Playing each game, one after another, felt incredibly nostalgic. I was thrilled to replay the two first Genesis games I’d ever owned – Sonic the Hedgehog and Alien Storm. I remember buying those, along with a new Genesis system, with my hard-earned babysitting money and first playing them in a hotel in Florida during a snowstorm (yeah, go figure). Sure, most of these games could be considered far out-dated, but one thing many of them possess is the charm of playing a side-scroller, which has become rare in most 3-D games today. I’ve played the 2006 Sonic 360, and in my heart, it just doesn’t compare to the excitement of the original 2D version.
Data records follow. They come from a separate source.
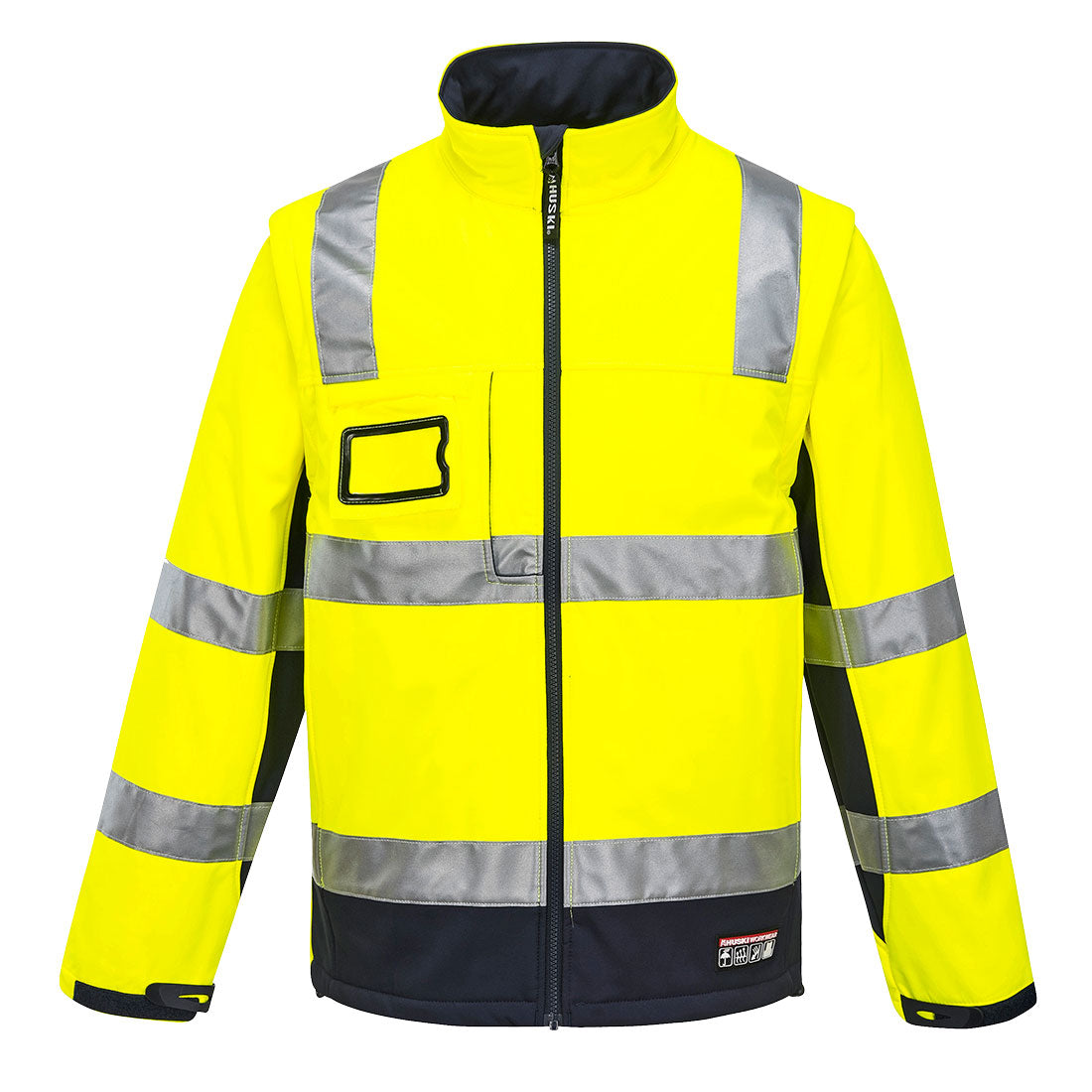 Huski Chassis Hi-Vis 2-in-1 Contrast Softshell 3L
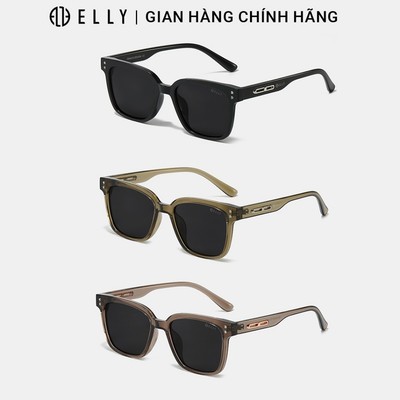 Kính mắt nữ ELLY EK172 gọng TR90 tròng phân cực TAC chống tia UV400 chống chói thời trang cao cấp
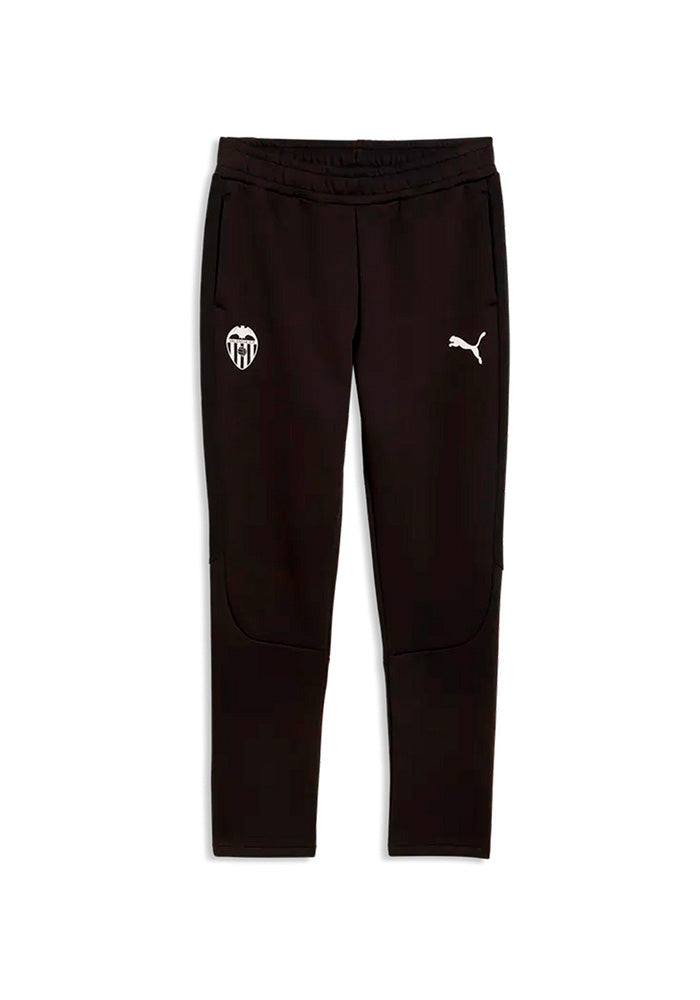 Valencia CF Fanswear Trousers 2026-2027 Black-Warm White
Having the save slots was a nice treat, which meant not requiring to play the game from beginning to end in one sitting. As a result, I was able to clear many titles that I just didn’t have the time or patience for when I was a kid, such as Ecco the Dolphin or the later Sonic titles.
Not to sound like a Trophy Whore, but I had a lot of fun in collecting this platinum. This game isn’t difficult to achieve 100%, and is perfect for anyone with ADD. Just load up a game, play until you collect the required trophy/achievement, then load up the next game. It’s impossible to get bored, because you’re always playing something completely different, every twenty minutes.
What I didn’t like:
There were a few Genesis games which I was disappointed to see didn’t make the collection. Populous was one of my all-time favourite games, and I was hoping Michael Jackson’s Moonwalker would be on there, considering it was one of the first Genesis titles. But to be fair, you can’t please everybody. And with 48 titles, there’s certainly something to please someone.
Sonic’s Ultimate Genesis Collection is a great experience for anyone who wishes to relive their gaming past. There are certainly enough titles in this collection to keep you busy for at least a year, if not longer. I can’t imagine anyone outside the Generation X bracket, like myself, who would enjoy playing such outdated games; but for those of you who grew up with Sonic and Ecco distracting you from your homework, this is a great Playstation 3 or Xbox 360 title to have in your collection.